This exercise calls for the line with "Apartament de închiriat", the line with "Empleados de la", and all lines between them in the material below, output exactly and with no other lines.
═════ Data extract ═════
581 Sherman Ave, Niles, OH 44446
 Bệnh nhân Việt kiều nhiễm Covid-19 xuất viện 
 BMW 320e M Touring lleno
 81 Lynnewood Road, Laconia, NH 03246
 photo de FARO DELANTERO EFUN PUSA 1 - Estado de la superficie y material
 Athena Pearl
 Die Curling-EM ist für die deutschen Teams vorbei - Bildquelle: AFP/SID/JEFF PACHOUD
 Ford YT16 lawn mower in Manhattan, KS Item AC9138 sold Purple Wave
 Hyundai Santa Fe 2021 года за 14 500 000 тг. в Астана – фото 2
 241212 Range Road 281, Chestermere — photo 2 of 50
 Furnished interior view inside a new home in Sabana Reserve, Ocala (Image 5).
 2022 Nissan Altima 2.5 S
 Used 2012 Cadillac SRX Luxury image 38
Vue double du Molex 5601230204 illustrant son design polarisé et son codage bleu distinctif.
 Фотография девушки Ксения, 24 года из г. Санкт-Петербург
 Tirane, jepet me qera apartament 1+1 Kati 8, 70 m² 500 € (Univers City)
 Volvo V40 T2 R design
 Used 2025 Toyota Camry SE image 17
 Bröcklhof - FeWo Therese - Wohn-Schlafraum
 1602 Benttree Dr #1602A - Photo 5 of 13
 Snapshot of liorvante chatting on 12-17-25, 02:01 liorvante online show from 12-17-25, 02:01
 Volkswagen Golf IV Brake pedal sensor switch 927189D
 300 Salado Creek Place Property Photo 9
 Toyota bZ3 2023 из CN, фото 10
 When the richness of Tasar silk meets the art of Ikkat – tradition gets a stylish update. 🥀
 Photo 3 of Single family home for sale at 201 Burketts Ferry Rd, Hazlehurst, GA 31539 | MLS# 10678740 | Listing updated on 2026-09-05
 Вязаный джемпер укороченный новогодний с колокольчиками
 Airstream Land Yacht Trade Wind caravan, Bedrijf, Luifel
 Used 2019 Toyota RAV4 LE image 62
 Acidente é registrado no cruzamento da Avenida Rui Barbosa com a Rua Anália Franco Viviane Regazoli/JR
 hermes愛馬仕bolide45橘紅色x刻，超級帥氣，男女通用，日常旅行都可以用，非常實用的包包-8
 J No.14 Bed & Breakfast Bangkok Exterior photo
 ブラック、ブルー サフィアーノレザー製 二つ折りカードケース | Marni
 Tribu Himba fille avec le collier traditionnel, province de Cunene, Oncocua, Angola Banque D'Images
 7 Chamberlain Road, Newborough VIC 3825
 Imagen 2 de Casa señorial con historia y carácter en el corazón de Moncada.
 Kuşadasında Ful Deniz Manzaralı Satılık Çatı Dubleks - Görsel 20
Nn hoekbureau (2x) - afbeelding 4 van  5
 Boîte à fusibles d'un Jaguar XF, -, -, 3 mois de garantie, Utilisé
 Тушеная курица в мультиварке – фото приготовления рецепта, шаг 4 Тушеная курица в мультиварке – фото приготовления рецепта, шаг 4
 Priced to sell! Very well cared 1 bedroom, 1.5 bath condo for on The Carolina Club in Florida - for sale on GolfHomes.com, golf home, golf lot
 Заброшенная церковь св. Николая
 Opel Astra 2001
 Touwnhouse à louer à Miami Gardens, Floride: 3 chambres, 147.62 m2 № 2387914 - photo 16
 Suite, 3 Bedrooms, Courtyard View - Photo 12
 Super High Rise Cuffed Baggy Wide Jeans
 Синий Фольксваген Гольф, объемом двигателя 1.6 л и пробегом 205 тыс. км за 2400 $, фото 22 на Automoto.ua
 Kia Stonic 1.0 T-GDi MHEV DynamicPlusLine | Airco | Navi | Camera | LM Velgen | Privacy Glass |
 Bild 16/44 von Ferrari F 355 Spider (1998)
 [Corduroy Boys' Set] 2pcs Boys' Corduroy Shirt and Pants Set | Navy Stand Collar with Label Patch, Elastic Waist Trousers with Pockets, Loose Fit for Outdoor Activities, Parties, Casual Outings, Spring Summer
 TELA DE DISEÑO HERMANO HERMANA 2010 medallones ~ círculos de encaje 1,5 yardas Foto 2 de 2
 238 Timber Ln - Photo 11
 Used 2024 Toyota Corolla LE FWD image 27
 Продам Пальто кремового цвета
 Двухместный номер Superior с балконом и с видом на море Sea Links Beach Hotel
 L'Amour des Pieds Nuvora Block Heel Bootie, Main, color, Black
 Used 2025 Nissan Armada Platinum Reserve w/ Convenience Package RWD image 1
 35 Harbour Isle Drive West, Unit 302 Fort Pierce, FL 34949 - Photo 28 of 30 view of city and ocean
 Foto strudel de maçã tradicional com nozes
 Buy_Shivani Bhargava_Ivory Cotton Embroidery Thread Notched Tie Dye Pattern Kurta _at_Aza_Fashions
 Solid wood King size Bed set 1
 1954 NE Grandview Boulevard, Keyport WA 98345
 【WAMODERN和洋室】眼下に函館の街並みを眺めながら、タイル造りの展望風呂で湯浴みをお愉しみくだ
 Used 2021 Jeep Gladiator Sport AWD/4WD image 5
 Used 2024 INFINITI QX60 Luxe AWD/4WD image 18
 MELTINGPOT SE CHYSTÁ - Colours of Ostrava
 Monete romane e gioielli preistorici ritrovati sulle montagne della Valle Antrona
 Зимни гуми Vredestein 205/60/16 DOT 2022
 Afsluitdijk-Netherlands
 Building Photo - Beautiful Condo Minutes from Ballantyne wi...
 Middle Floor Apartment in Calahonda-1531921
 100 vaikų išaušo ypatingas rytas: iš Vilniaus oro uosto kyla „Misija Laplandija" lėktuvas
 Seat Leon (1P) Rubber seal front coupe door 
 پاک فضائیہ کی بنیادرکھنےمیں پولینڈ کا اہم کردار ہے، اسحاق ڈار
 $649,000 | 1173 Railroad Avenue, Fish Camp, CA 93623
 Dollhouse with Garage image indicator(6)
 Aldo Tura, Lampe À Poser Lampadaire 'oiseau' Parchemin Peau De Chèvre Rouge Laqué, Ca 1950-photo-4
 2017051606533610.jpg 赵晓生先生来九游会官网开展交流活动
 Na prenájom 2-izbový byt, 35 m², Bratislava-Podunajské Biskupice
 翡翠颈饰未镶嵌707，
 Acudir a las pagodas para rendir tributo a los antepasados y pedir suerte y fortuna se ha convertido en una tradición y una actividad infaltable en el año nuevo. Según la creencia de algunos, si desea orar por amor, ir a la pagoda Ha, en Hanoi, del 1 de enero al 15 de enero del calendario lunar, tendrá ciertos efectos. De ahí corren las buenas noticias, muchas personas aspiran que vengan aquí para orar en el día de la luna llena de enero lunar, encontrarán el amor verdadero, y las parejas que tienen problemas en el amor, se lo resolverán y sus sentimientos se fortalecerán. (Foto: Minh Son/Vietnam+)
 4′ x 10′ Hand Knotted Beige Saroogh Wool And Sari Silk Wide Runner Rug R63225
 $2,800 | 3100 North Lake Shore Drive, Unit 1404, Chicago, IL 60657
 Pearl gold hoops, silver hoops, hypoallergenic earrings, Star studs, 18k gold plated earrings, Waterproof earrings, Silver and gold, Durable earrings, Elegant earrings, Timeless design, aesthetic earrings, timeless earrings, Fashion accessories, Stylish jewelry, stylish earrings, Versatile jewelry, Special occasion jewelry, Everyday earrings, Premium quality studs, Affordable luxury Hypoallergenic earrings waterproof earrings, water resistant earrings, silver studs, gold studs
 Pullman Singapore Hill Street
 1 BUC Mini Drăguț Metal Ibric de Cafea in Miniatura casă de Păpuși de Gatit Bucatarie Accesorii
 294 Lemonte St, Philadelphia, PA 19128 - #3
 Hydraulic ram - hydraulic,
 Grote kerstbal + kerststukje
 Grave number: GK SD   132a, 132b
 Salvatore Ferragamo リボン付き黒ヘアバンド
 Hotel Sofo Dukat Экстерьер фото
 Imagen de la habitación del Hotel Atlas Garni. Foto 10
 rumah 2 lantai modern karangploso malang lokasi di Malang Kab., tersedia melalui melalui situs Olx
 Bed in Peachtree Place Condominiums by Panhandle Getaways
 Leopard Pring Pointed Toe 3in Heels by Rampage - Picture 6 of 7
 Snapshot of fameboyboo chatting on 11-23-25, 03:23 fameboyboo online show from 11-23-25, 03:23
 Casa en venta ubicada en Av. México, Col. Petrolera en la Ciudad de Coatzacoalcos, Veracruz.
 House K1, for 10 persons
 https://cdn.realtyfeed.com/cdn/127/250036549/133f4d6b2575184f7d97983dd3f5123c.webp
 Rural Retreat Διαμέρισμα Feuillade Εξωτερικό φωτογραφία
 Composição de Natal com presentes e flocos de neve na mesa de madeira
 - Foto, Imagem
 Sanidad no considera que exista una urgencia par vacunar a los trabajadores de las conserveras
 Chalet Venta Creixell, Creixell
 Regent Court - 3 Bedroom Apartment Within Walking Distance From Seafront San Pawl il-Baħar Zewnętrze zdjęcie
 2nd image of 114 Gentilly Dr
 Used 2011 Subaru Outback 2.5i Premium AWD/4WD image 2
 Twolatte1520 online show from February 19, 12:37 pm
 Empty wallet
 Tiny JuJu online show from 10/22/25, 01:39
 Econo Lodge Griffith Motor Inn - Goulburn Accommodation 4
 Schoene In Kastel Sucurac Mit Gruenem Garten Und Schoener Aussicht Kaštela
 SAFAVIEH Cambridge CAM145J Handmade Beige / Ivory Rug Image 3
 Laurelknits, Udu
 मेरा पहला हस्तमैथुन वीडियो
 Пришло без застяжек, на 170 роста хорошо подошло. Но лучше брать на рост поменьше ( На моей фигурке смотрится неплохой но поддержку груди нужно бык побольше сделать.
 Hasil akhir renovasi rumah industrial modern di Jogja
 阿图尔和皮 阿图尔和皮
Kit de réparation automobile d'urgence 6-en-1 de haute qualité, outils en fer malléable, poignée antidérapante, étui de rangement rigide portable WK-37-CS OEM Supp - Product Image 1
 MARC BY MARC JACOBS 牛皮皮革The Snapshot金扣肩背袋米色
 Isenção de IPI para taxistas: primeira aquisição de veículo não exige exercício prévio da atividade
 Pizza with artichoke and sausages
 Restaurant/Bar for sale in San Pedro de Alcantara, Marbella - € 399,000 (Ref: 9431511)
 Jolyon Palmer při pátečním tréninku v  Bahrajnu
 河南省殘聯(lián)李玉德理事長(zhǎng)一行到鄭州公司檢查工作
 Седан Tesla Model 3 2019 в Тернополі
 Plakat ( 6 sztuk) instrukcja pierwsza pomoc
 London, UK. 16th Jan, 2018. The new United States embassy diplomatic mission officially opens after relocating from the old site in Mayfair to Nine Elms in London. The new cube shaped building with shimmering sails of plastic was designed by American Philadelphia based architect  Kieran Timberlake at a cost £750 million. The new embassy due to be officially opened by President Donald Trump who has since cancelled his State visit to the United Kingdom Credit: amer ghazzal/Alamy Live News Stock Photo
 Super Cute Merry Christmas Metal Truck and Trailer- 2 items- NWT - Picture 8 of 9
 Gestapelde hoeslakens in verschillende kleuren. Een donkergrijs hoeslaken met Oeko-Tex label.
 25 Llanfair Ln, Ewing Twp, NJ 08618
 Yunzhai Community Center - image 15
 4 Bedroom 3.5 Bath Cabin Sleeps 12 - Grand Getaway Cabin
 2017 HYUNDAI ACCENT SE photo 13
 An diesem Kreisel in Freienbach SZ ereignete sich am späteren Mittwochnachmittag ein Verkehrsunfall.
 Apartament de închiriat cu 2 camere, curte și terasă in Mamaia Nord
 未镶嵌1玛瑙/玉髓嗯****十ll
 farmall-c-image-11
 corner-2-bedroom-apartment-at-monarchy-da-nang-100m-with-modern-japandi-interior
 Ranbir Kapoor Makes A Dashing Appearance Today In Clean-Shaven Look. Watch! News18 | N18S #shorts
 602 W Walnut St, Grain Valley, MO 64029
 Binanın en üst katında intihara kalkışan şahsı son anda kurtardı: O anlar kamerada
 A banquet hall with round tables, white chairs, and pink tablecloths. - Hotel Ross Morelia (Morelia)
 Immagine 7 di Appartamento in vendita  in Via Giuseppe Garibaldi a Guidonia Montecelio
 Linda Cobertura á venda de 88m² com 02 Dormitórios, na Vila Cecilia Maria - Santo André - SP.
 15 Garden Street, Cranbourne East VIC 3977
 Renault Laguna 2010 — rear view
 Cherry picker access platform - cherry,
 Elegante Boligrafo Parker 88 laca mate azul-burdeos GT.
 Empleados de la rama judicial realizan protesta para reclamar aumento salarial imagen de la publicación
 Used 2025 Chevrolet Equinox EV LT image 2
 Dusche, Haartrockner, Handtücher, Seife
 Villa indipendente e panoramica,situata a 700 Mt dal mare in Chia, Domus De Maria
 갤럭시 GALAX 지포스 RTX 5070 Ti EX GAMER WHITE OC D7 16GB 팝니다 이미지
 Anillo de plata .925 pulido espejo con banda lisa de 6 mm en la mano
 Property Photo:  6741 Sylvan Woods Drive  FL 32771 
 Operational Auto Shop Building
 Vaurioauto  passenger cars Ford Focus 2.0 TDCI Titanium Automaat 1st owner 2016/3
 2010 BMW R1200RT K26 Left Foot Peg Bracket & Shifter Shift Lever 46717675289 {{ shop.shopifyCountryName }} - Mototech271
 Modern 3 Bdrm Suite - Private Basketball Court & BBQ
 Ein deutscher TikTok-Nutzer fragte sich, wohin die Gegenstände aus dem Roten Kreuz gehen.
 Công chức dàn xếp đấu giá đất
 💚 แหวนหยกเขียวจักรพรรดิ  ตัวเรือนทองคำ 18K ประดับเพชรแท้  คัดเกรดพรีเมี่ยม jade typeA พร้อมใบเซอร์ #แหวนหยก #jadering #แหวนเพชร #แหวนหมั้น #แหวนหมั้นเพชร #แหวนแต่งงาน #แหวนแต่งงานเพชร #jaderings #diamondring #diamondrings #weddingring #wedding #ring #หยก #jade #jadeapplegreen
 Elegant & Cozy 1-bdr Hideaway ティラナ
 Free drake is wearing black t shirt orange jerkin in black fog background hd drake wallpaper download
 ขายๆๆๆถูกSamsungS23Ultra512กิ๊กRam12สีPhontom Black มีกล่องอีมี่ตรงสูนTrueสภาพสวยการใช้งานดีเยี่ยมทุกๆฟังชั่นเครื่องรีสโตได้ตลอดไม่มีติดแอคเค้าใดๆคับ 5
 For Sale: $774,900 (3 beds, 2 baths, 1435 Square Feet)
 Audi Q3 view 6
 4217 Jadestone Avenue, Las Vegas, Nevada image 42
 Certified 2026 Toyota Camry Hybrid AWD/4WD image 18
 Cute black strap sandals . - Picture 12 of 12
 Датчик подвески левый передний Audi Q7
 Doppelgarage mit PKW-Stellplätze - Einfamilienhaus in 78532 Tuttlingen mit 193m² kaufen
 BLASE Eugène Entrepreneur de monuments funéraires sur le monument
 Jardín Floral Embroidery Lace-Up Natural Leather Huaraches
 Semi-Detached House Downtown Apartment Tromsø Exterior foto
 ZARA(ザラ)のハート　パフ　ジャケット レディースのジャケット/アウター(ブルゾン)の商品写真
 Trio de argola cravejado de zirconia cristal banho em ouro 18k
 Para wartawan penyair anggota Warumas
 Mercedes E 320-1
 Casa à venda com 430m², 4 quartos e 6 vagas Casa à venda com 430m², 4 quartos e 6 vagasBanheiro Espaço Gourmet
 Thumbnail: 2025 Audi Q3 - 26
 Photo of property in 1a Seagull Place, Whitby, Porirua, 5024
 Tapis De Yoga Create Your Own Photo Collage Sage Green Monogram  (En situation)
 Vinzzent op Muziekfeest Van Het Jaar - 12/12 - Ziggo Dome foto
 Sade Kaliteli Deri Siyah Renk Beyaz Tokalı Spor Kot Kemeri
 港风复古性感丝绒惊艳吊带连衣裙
═════
Response to the task:
 Apartament de închiriat cu 2 camere, curte și terasă in Mamaia Nord
 未镶嵌1玛瑙/玉髓嗯****十ll
 farmall-c-image-11
 corner-2-bedroom-apartment-at-monarchy-da-nang-100m-with-modern-japandi-interior
 Ranbir Kapoor Makes A Dashing Appearance Today In Clean-Shaven Look. Watch! News18 | N18S #shorts
 602 W Walnut St, Grain Valley, MO 64029
 Binanın en üst katında intihara kalkışan şahsı son anda kurtardı: O anlar kamerada
 A banquet hall with round tables, white chairs, and pink tablecloths. - Hotel Ross Morelia (Morelia)
 Immagine 7 di Appartamento in vendita  in Via Giuseppe Garibaldi a Guidonia Montecelio
 Linda Cobertura á venda de 88m² com 02 Dormitórios, na Vila Cecilia Maria - Santo André - SP.
 15 Garden Street, Cranbourne East VIC 3977
 Renault Laguna 2010 — rear view
 Cherry picker access platform - cherry,
 Elegante Boligrafo Parker 88 laca mate azul-burdeos GT.
 Empleados de la rama judicial realizan protesta para reclamar aumento salarial imagen de la publicación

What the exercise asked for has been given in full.